Because every read is based on the state of the entire PostgreSQL instance at that exact moment, even tables that have already been dropped in the current database state can become visible again.

And when the session executes:

RESET strata.travel_time;

it leaves Time Travel mode and returns to the latest PostgreSQL state.

Example↓

The basic idea is illustrated below:

Mainstream PostgreSQL Time Travel approaches today

The mainstream ways to do Time Travel in PostgreSQL today are roughly these:

1. Point-in-time restore

This works by spinning up a new database instance, restoring a backup, and replaying incremental WAL up to the target time.

The main problem is that recovery takes time, and it is not very friendly for scenarios where you want to switch back and forth across multiple timestamps for testing. In practice, it feels more like a one-shot or one-directional Time Travel workflow.

2. Cloud databases

In compute-storage separated architectures, a multi-version page server is naturally well suited for Time Travel. But even in systems like Neon, Time Travel still typically requires bringing up a new compute node.

For ordinary single-instance scenarios, if you just want simple Time Travel but have to move to the cloud for it, cost also becomes part of the discussion.

So I wanted to see what it would look like to give a standalone PostgreSQL instance a built-in page server.

What I am aiming for

With this design, simple Time Travel can happen directly inside a session.

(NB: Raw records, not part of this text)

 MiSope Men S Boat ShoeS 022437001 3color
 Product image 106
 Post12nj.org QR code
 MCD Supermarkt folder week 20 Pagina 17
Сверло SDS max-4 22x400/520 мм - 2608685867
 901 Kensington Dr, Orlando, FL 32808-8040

The extra cost mainly comes from: disk space for historical versions, multi-version maintenance, CPU and I/O overhead when reconstructing historical versions.

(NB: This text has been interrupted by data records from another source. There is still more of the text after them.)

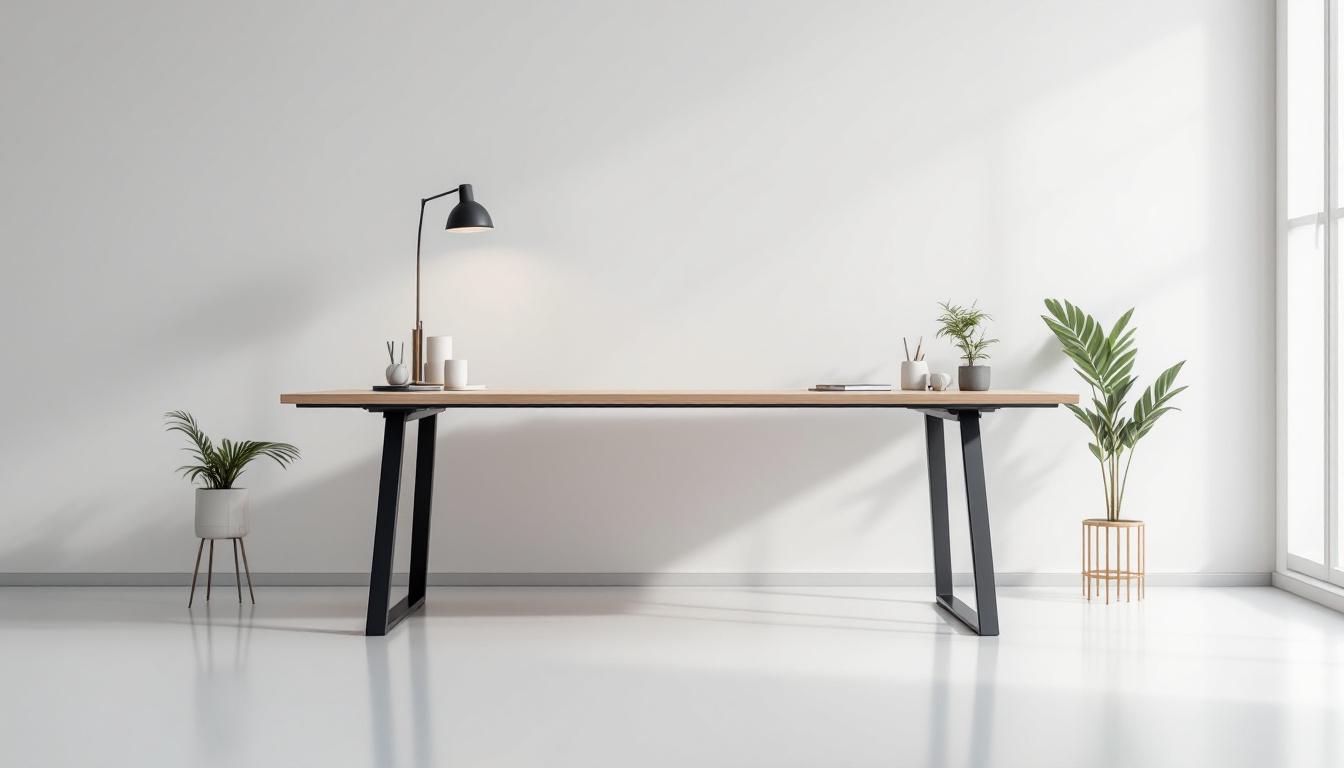 découvrez les avantages du pc portable acer i5, un outil performant et fiable spécialement conçu pour répondre aux besoins des professionnels exigeants.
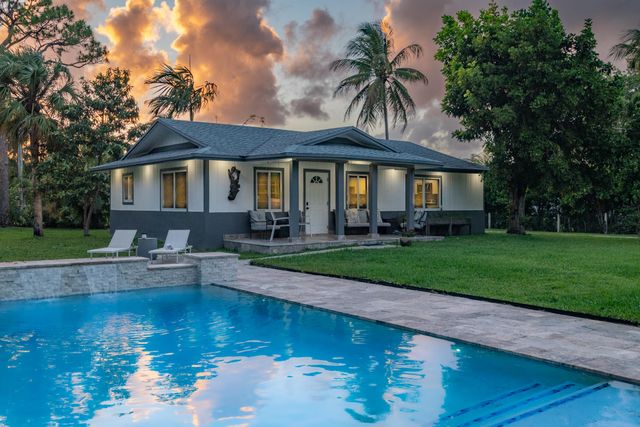 13487 Barwick Road, Delray Beach, FL 33445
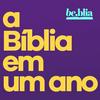 undefined Be.Blia - A Bíblia em um ano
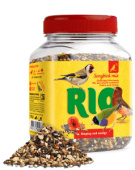 Rio Лакомство для птиц Смесь для стимулирования пения 240 г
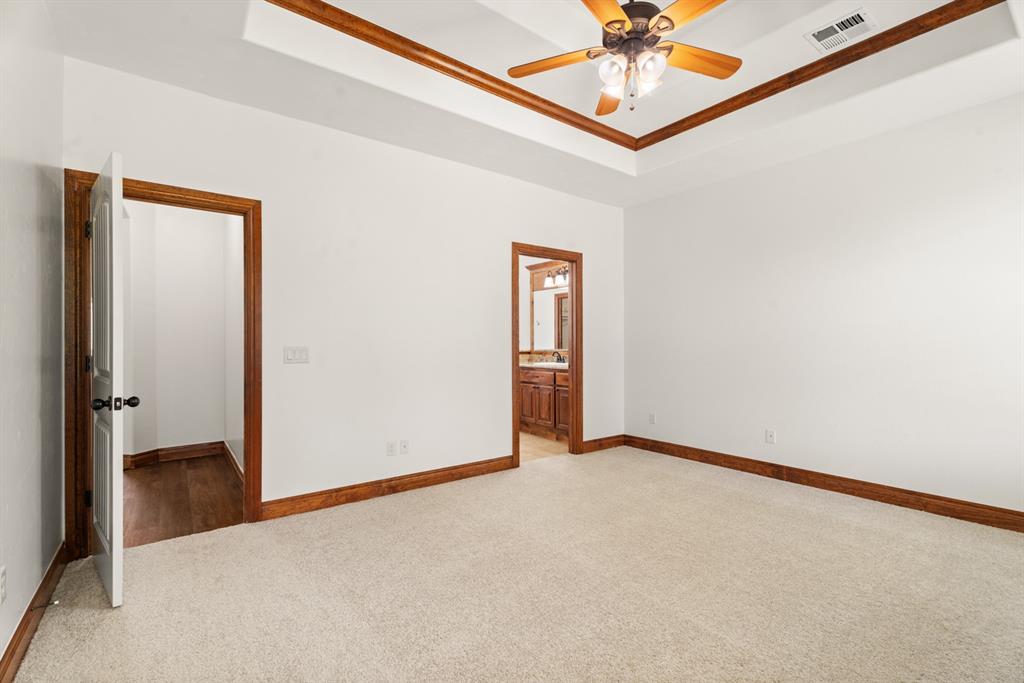 5809 Creekmore Drive Property Photo 29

It runs inside PostgreSQL, but stays loosely coupled. The goal is simple: do not get in the way of normal PostgreSQL operation.

I have already hacked together a basic version. Along the way, a few engineering challenges have shown up.

Engineering challenges so far

pgStrata cannot rely on fallback reads from PostgreSQL data files. In principle, pgStrata should not fall back to PostgreSQL data files for I/O. That makes full tracking of database file state very important. It needs to maintain the full historical metadata of all relations, including the size of each data file over time, handling events such as file extension and truncation, so that the system is fully self-sufficient.
Reconstructing historical pages requires replaying WAL deltas on top of base FPIs. To build a historical page, pgStrata needs to take a base full-page image (FPI) and apply WAL deltas on top of it. This is the biggest piece of work. At the moment, it supports: RM_HEAP_ID, RM_HEAP2_ID, RM_BTREE_ID, RM_SEQ_ID. The rest still need to be implemented gradually.
Query performance after Time Travel can be slow on large datasets. I ran some basic stress tests, and for large datasets, queries after entering Time Travel mode can become slow when reconstructing historical pages. This depends heavily on how many usable FPIs exist along the version chain. One possible optimization is to insert reconstructed historical pages back into the version chain during compaction, or even during one-off reconstruction. That way, the more FPIs you accumulate, the faster future reconstruction becomes. But of course this is a trade-off between reconstruction speed and space usage.
The current LSM design is still very rough. Right now the LSM implementation only has three levels: in-memory, L0, L1. Compaction is also still very simple and brute-force. A key-value separation design would probably be much better here, because nearly all deltas are effectively non-deletable if arbitrary-point Time Travel is to remain supported. Otherwise, every compaction causes heavy write amplification. Separating keys and values should help a lot, but I have not implemented that yet.
Space control is still unfinished. For space management, one possible approach is to configure either a retention window or a storage size limit, and then let compaction drop the oldest historical versions. But even that cannot be done by simply deleting old entries. Before dropping old history, the system would need to merge the FPI and deltas that are about to be removed into a new synthetic FPI and place it at the front of the version chain, so that reconstruction still remains correct. This part is also still not implemented.

Closing thoughts

I will keep improving it when I find the time.

That said, this feature may very well turn out to be a pseudo-demand after all… haha.